Exercise: Without pictures, repeat exactly the lines from the one containing "Used Renault Fluence" through the end of the entries.

Exercise data:

****

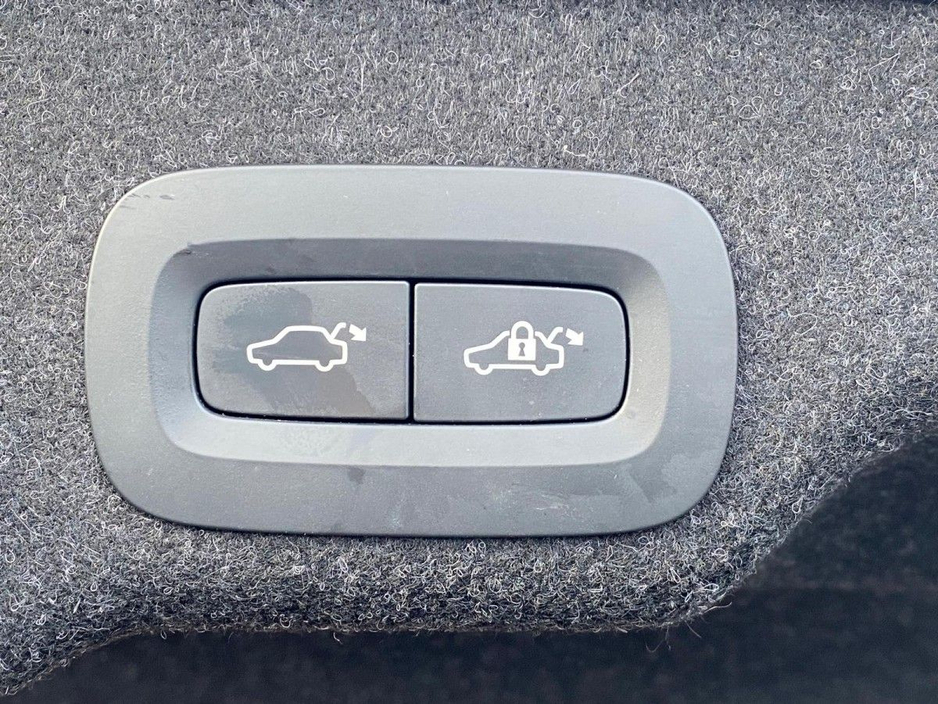 2021 Volvo S90 R-DESIGN T8 PHEV €36,995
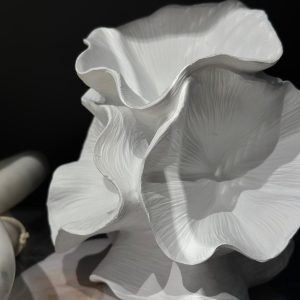 דקו פרח פורליזין לבן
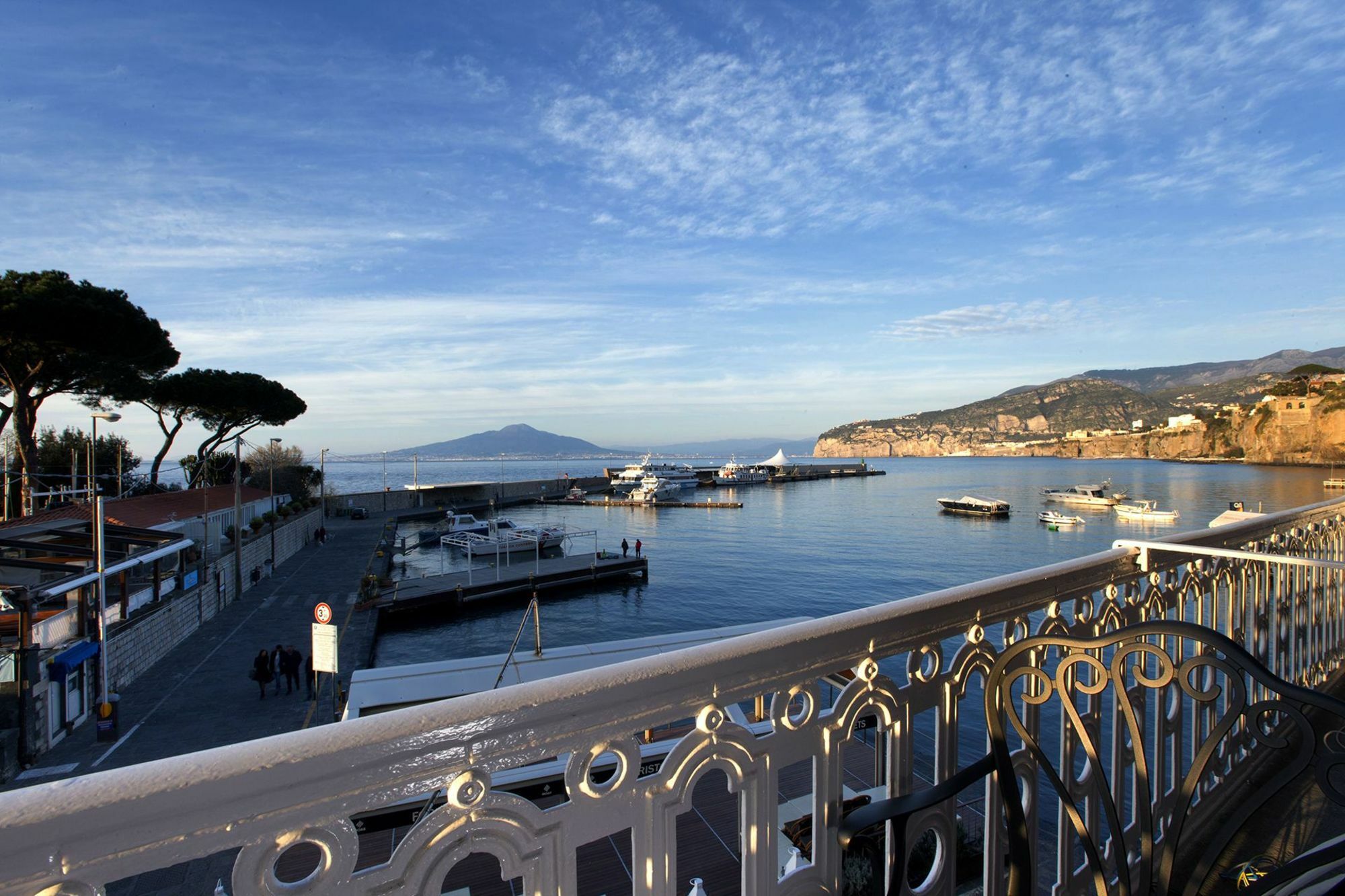 Amore Rentals - Gilda'S House Sorrente Extérieur photo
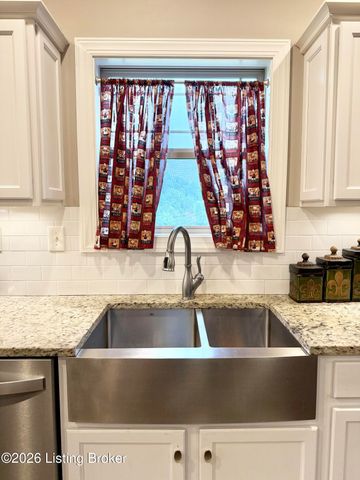 9805 Sunnys Halo Ct, Louisville, KY 40214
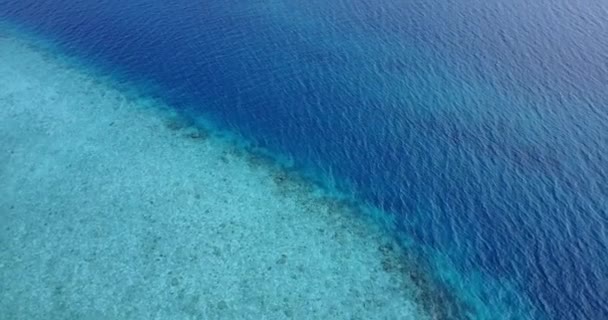 白天让海水保持平静 在印度尼西亚巴厘的暑假 — 图库视频影像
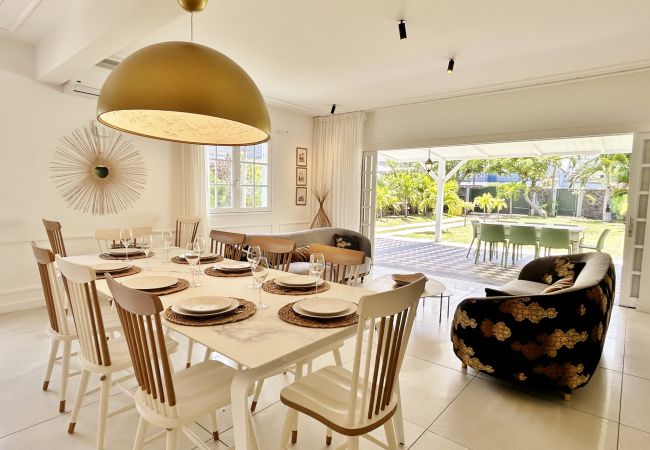 Villa in Saline les Bains - *VILLA FLEUR DE LUNE* - heated pool and lagoon Villa in Saline les Bains - *VILLA FLEUR DE LUNE* - heated pool and lagoon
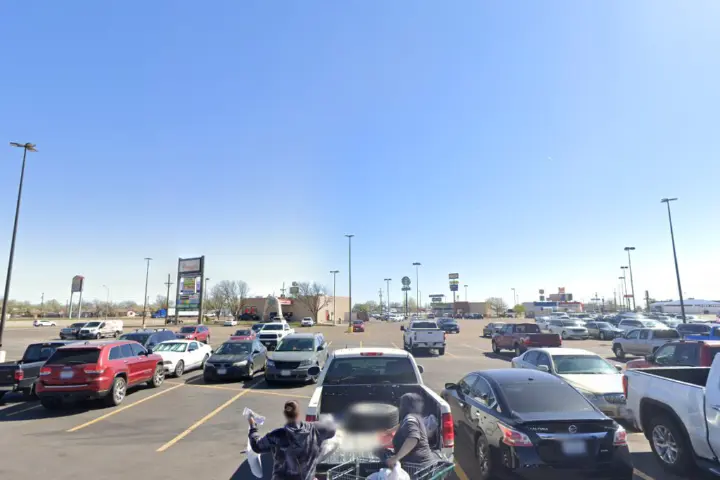 Metro by T-Mobile 3300 Interstate 40 Access Rd.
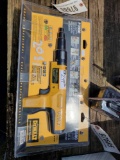 2081 - ABSOLUTE - DEWALT P3500 STUD GUN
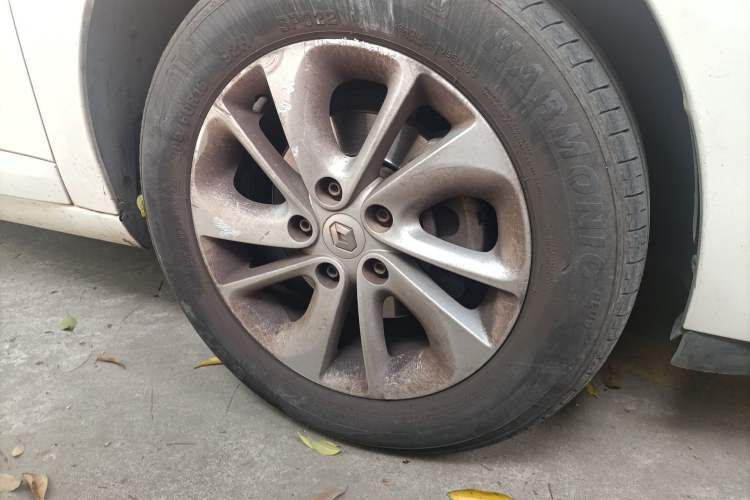 Used Renault Fluence 2015 2.0L Fashion Edition Right Front Wheel Hub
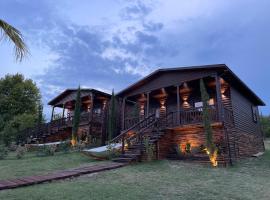 Hotel Foto: Luxury Wooden Villas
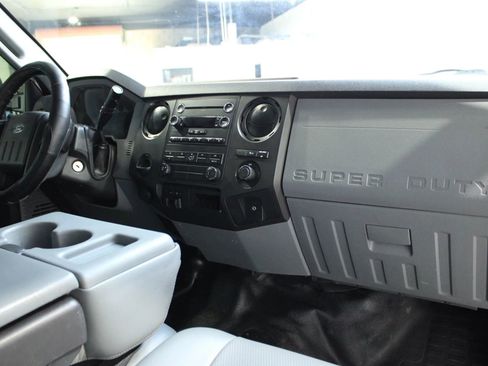 Used 2012 Ford F250 XL w/ PWR Equipment Group image 7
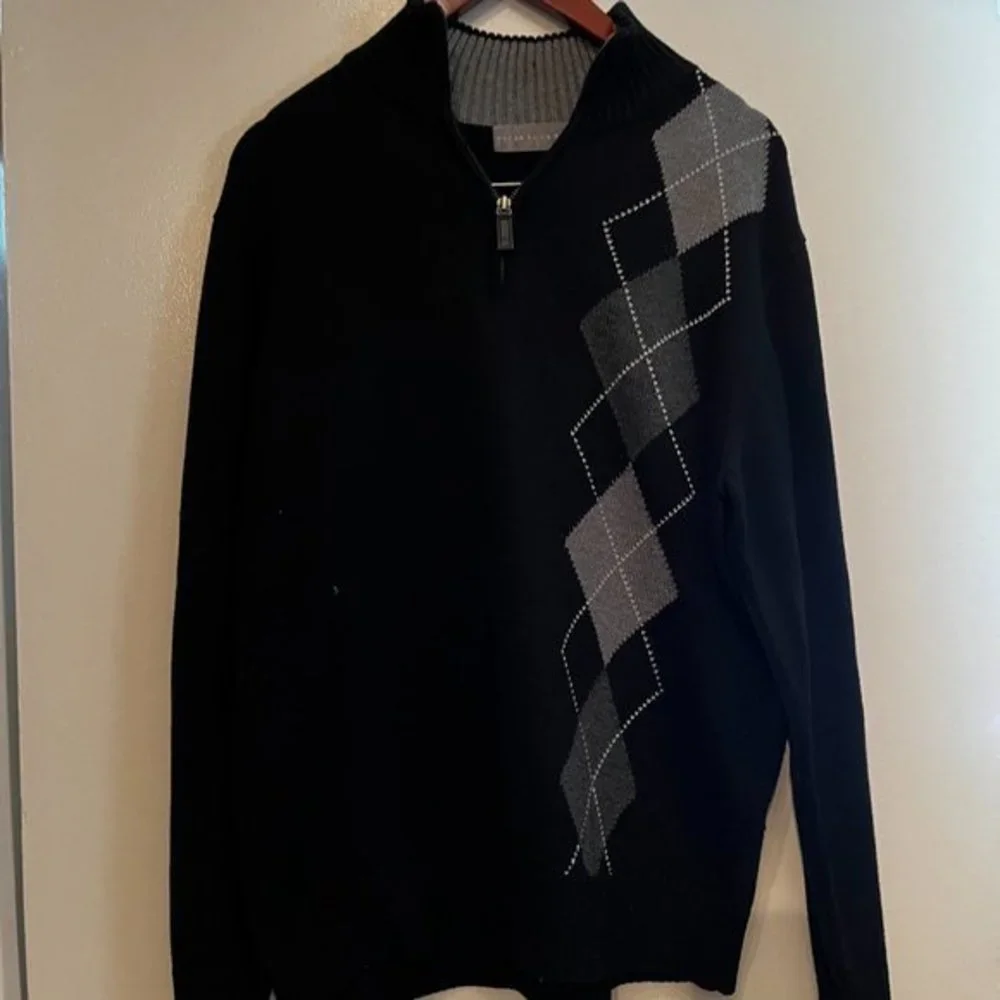 Oscar De La Renta Black‎ Argyle Sweater – Zipper Collar – Size Medium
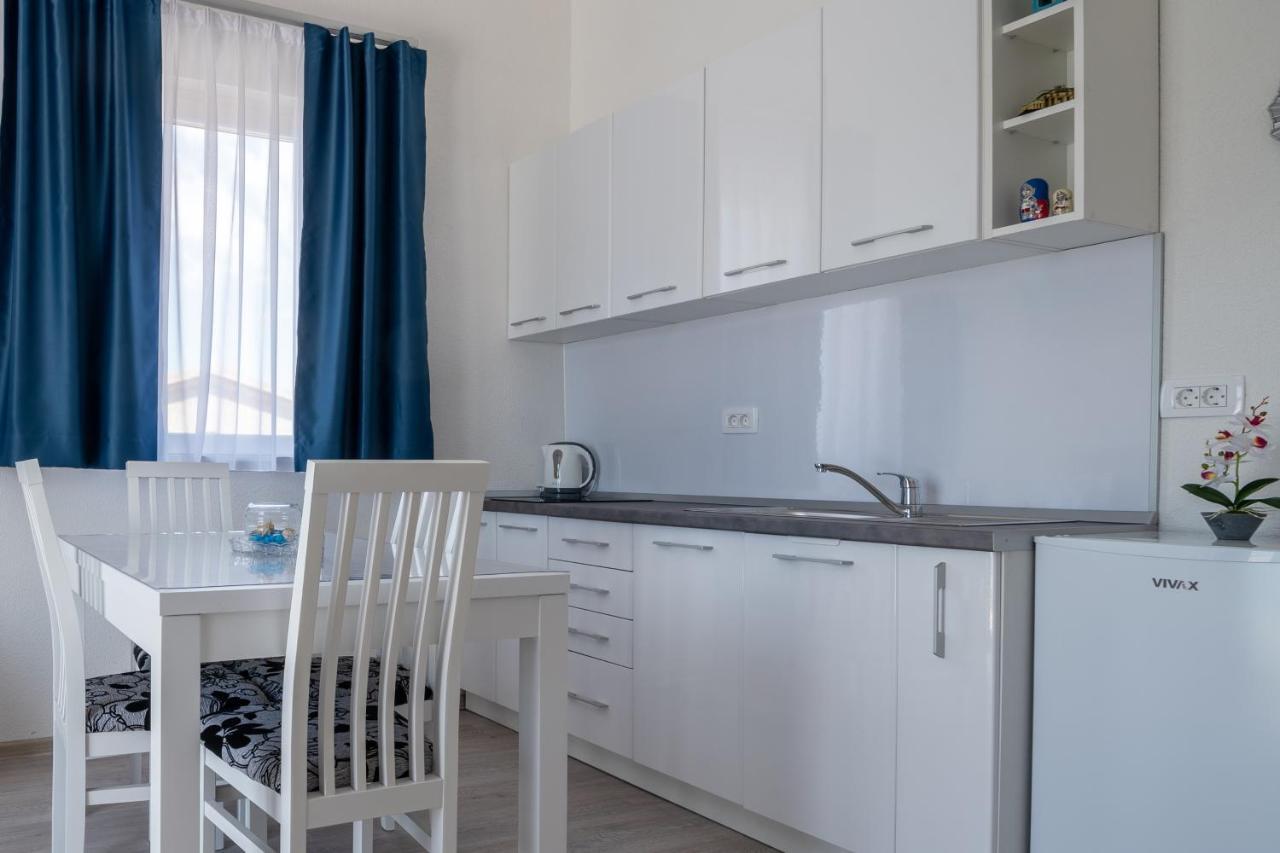 Apartmani Mate 네움 외부 사진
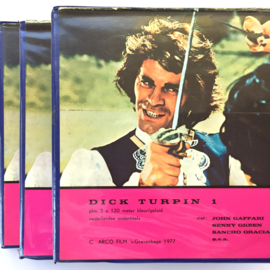 Nr.6908 --Super 8 sound--  Dick Turpin complete speelfilm uit 1977 in 3 delen van 120 meter, Engels gesproken goed van kleur met Nederlandse ondertitels in de orgenele dozen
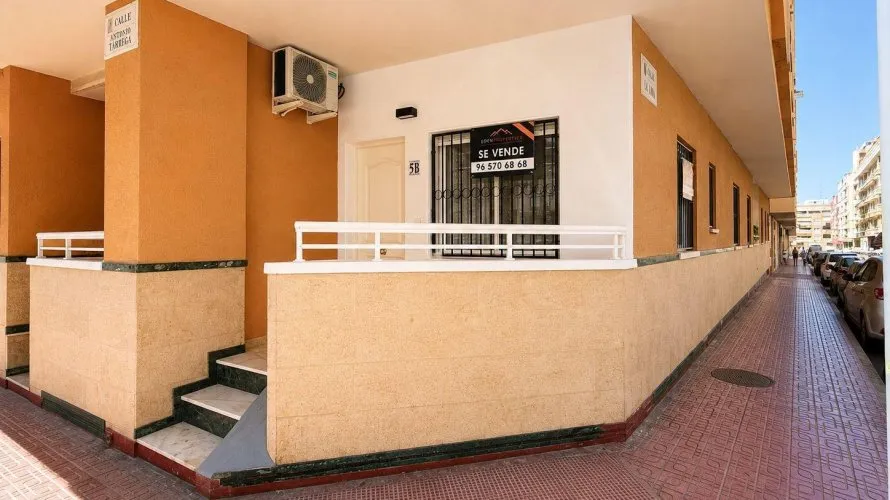 Land plot de 2 chambres à Torrevieja, Espagne No. 3347 № 1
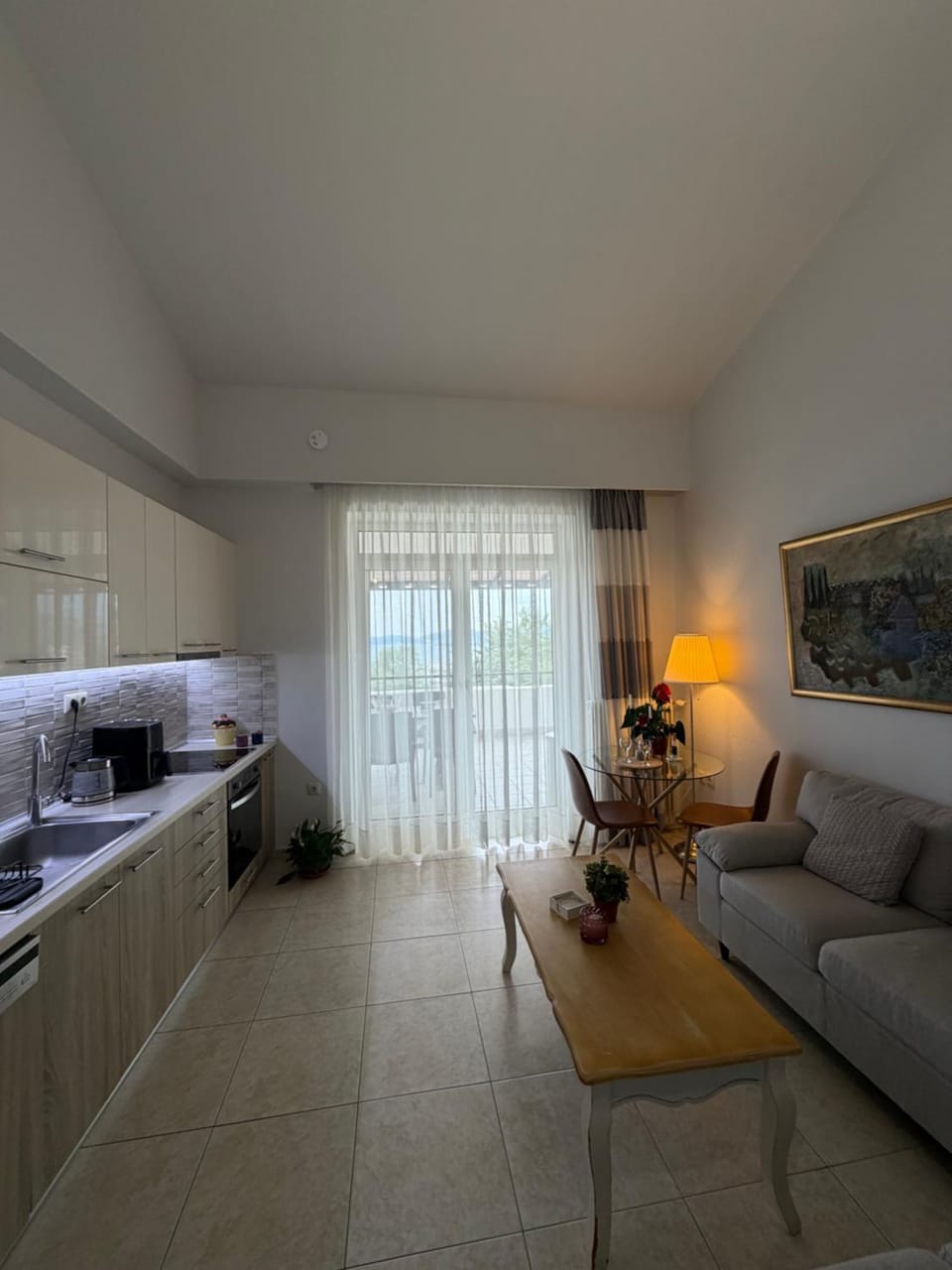 Kitchen or kitchenette, Living room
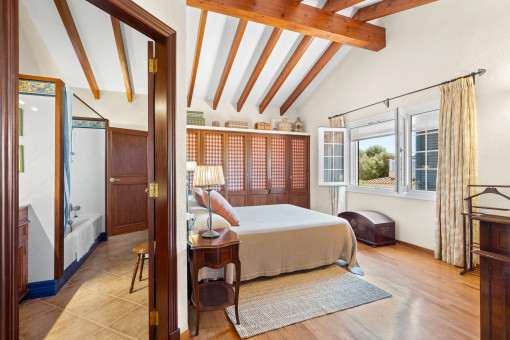Dormitorio y baño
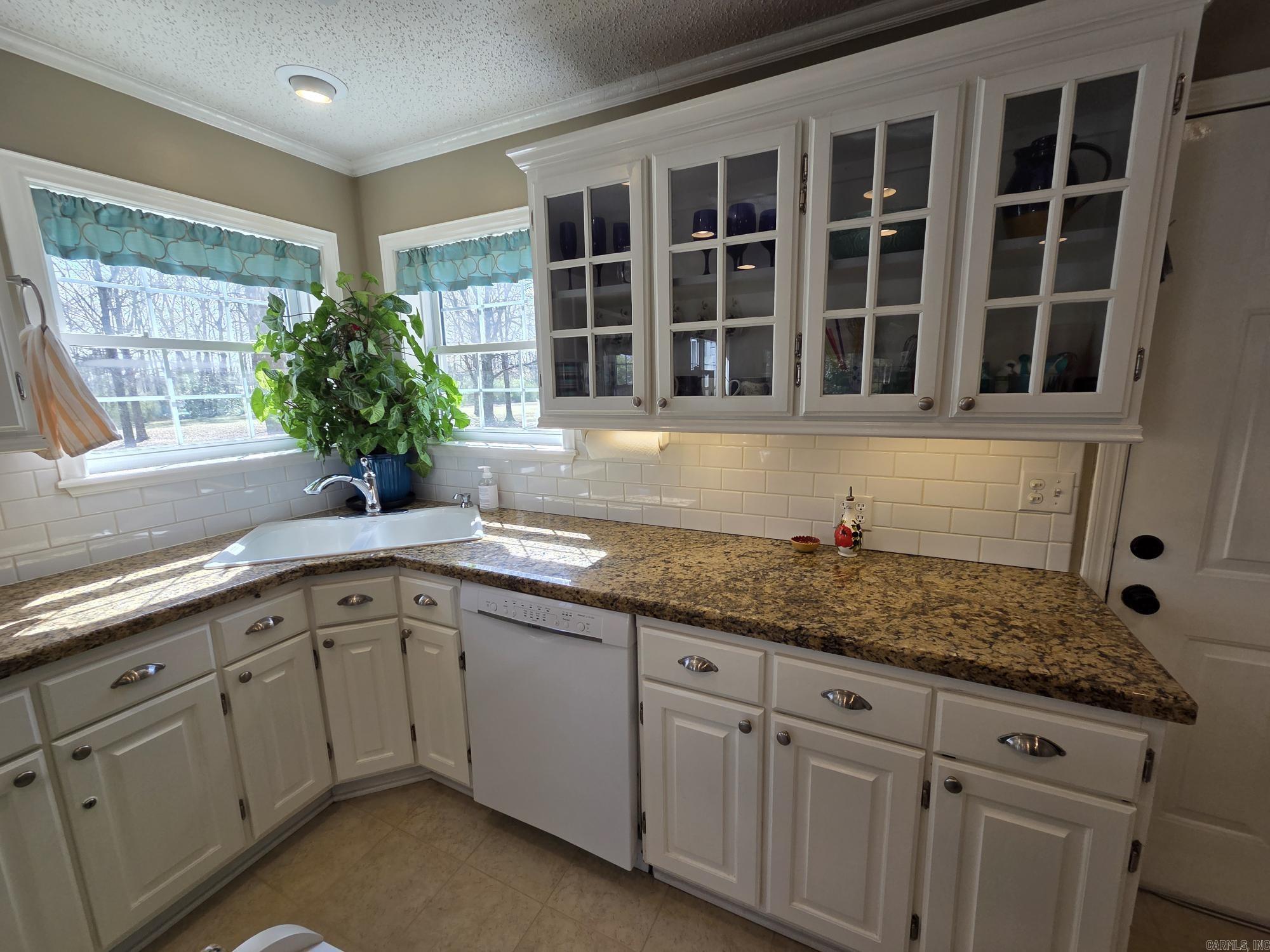 392 Walker  Higginson, AR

****

Exercise result:
 Used Renault Fluence 2015 2.0L Fashion Edition Right Front Wheel Hub
 Hotel Foto: Luxury Wooden Villas
 Used 2012 Ford F250 XL w/ PWR Equipment Group image 7
 Oscar De La Renta Black‎ Argyle Sweater – Zipper Collar – Size Medium
 Apartmani Mate 네움 외부 사진
 Nr.6908 --Super 8 sound--  Dick Turpin complete speelfilm uit 1977 in 3 delen van 120 meter, Engels gesproken goed van kleur met Nederlandse ondertitels in de orgenele dozen
 Land plot de 2 chambres à Torrevieja, Espagne No. 3347 № 1
 Kitchen or kitchenette, Living room
Dormitorio y baño
 392 Walker  Higginson, AR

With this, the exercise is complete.